Что значит «процитировать … гоголевскую шубу»? Т.е. понятен близлежащий смысл: Горенфельд, написавший жалобу, что Мандельштам использовал его переводы – этакий советский Акакий Акакиевич, с которого сорвали шубу. Но … у Гоголя как-никак шинель, а не шуба. К этому мы ещё вернёмся. А пока обратим внимание: в главке «Четвёртой прозы» воспроизводится тот же мотив, что и в стихотворении, с которого я начал. Добровольное движение в морозную ночь. Однако стихи были написаны в относительно благополучном 1922-м году. В прозе 1929-го года мотив несколько меняется…

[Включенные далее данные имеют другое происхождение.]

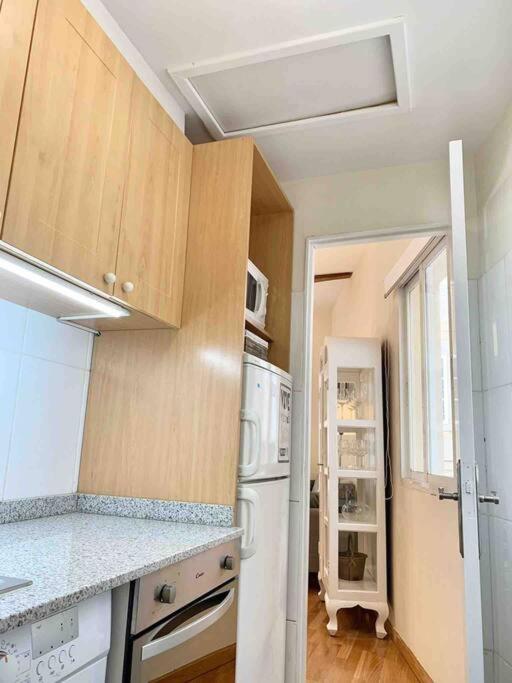 Kuchyňa alebo kuchynka v ubytovaní Precioso apartamento en el Casco Vello de Vigo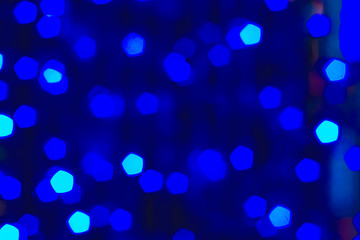 Festive blue bokeh garland, blurred background. Merry Christmas, happy holiday, colorful lights,...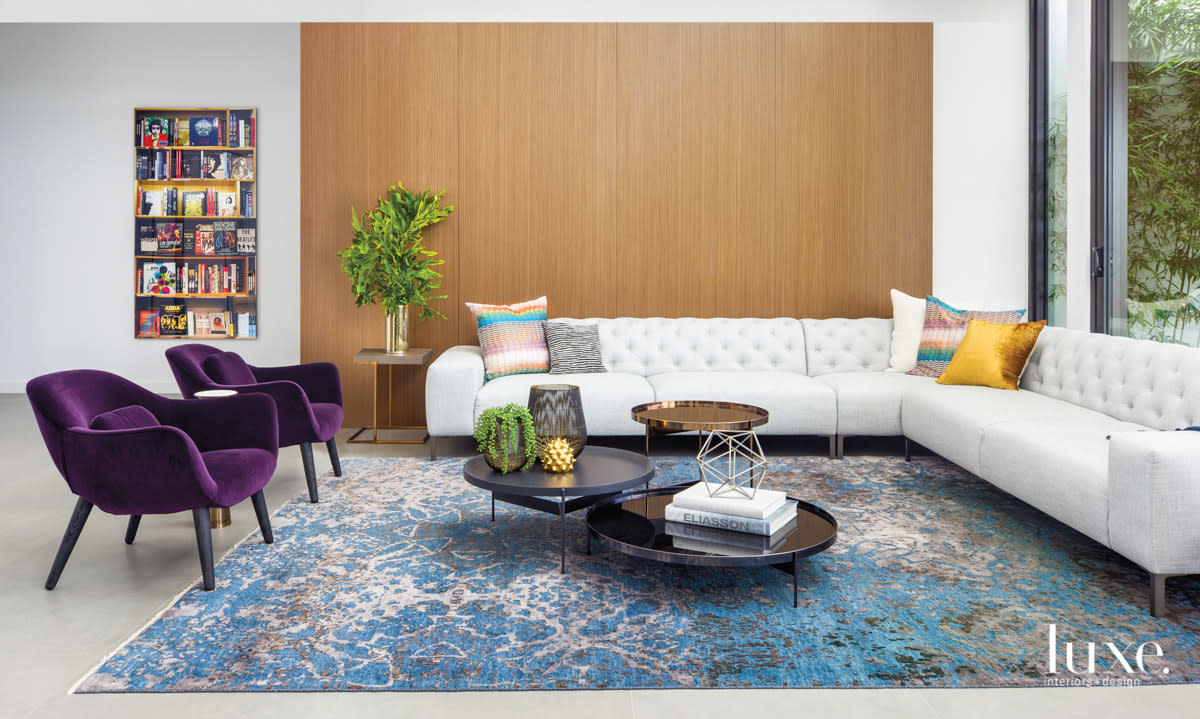 living area with purple chairs and white sectional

Вот оно! – «гасить жар литературы морозом и колючими звёздами». И слово «скорняк» в словаре Мандельштама редкое. Знаю только два его употребления: «Скорняк – ночь и зима» (опушающая литературу-зверя) и вот это: «Я – скорняк …» Снова стремление в зимнюю ночь, декларированное единение с ней. Но тогда в прозе побег «в одном пиджачке в тридцатиградусный мороз» - самоубийство не только в прямом смысле («смертельной простуды»). «Я срываю с себя литературную шубу».

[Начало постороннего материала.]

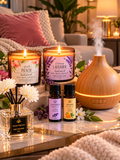 Aromatherapy Stress Free Set with two scented candles, two essential oils, reed diffuser and humidifier in a cozy home setting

Срывание шубы… Шуба – шкура зверя, последнее прикрытие. «Запихай меня лучше, как шапку в рукав // Жаркой шубы сибирских степей - // Чтоб не видеть…» Срывание с себя шубы – самоубийство, срывание шубы с чьих-то плеч – убийство. Акакий Акакиевич был ободран, значит – убит. Символика Мандельштама в чём-то совпадает с гоголевской. Вот почему шуба-шкура становится неподвижной («на вешалке висеть») после смерти. Или (что то же самое) после перенесения в рай («шуба будет висеть на золотом гвозде» - в прозе об Армении).

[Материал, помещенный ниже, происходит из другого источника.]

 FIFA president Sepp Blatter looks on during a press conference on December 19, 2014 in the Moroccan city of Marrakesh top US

А вот ещё (из того же эссе о шубе не по чину): «Вместо живых лиц узнавать слепки голосов. Ослепнуть. Осязать и узнавать слухом. Печальный удел! Так входишь в настоящее, в современность, как в русло высохшей реки». Здесь встречаются под землёй корни двух стихотворений. Знаменитое «За то, что я руки твои не сумел удержать // … И нет для тебя ни названья, ни звука, ни слепка». Так вот от какого слова «слепок» в стихотворении (где рядом дважды упоминаются «во тьме» и «ещё не рассеялся мрак») – проза подсказывает, от «ослепнуть»! Между «слепком» и «крови сухой вознёй» недостающим звеном встаёт из прозы «русло высохшей реки» (кровеносный сосуд с засохшей, спёкшейся кровью). Ну а какое второе стихотворение? – «Ламарк». «… Зренья нет – ты зришь в последний раз».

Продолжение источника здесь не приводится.